The strength of families and their ability to thrive and witness as a "domestic church" require support from the wider church and from governments, particularly in the face of poverty, Pope Leo XIV said.
"We are aware that today there are real threats to the dignity of the family such as poverty, lack of employment, lack of access to health care, abuse of the most vulnerable, migration and wars," the pope told a group of Latin American church representatives Sept. 19.
The Latin American bishops' council, the Pontifical Academy for Life and the John Paul II Pontifical Theological Institute for Marriage and Family Sciences brought the representatives to Rome Sept. 17-19 for a shared Jubilee Year reflection on "the future of life and the family" in Latin America.
"Both public institutions and the church have the responsibility to seek ways to promote dialogue and strengthen the aspects of society that support family life and the education of its members," the pope told the group.
"'Jubilee,' in the Old Testament, evoked the idea of return: returning to the land, to the original condition of free people, to the origins of God's justice and mercy," he said.
For Catholics this year, the pope said, the Jubilee should be a strong push to return to God and to placing God at the center of one's life.
"The Jubilee also invites us to think about our roots," he said, and "the faith we received from our parents, the persevering prayers of our grandmothers as they fingered the beads of the rosary, their simple, humble and honest lives which, like leaven, sustained so many families and communities."
In Jesus, he said, "we find our true joy: the jubilation of knowing we are at home, in the place where we belong."
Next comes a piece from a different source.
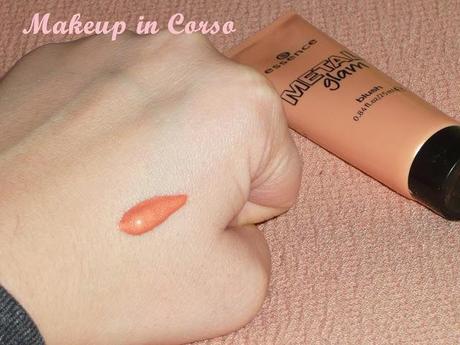 Gold Topper e Blush Metal Glam By Essence Gold Topper e Blush Metal Glam By Essence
The family is "both a gift and a task," Pope Leo told the group. "It is essential to foster shared responsibility and the active role of families in social, political and cultural life, promoting their valuable contribution to the community."
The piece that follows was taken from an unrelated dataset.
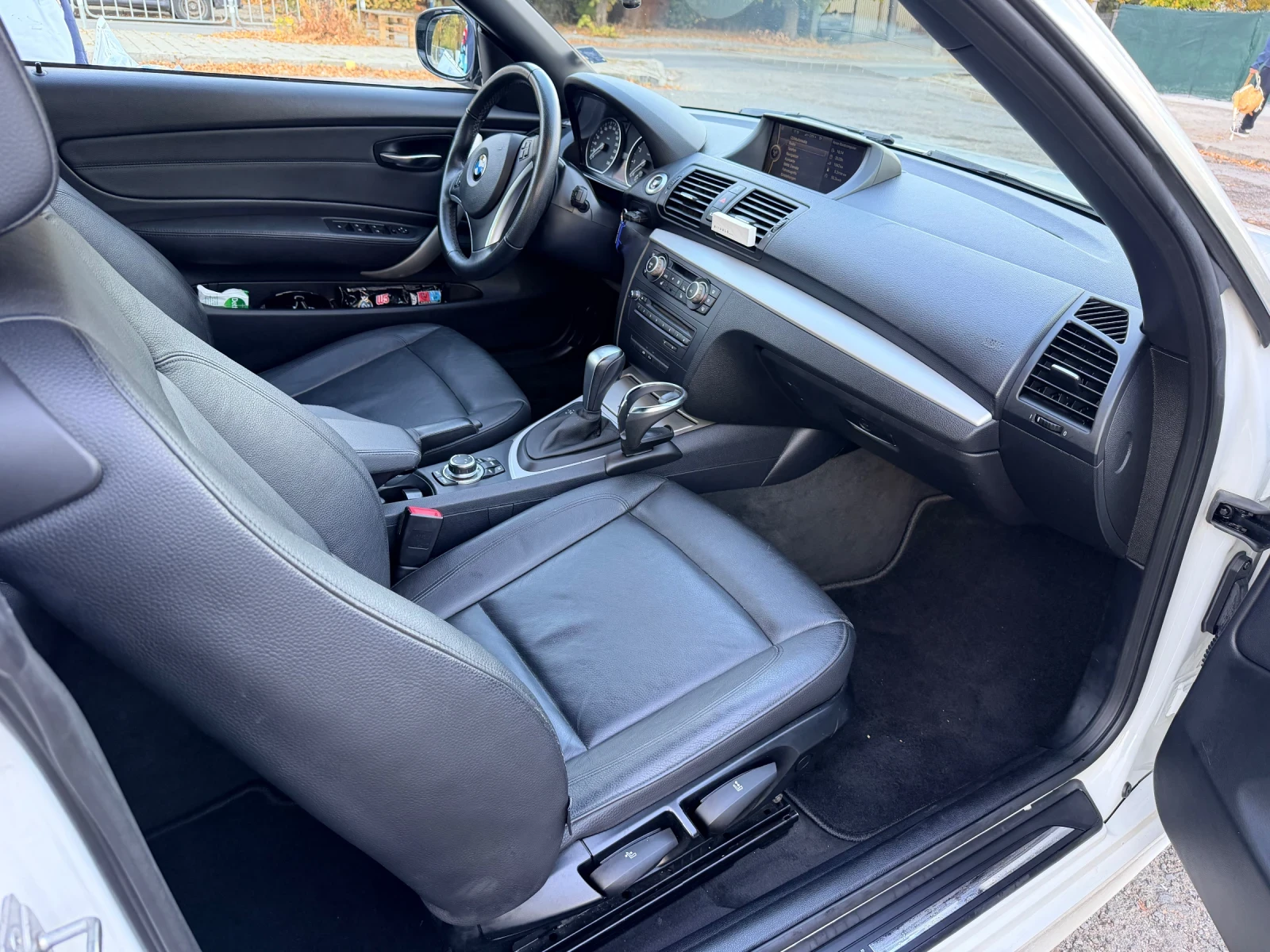 BMW 120 i кабрио, снимка 12 - Автомобили и джипове - 56681034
The family also is called "to be a domestic church and a home where the fire of the Holy Spirit burns, spreading its warmth, bringing its gifts and experiences for the common good, and calling everyone to live in hope," the pope said.
Pope Leo entrusted his prayers to the intercession of the Holy Family, "the perfect model that God offers in response to the desperate cry for help from so many families. By imitating them, our homes will become living torches of God's light."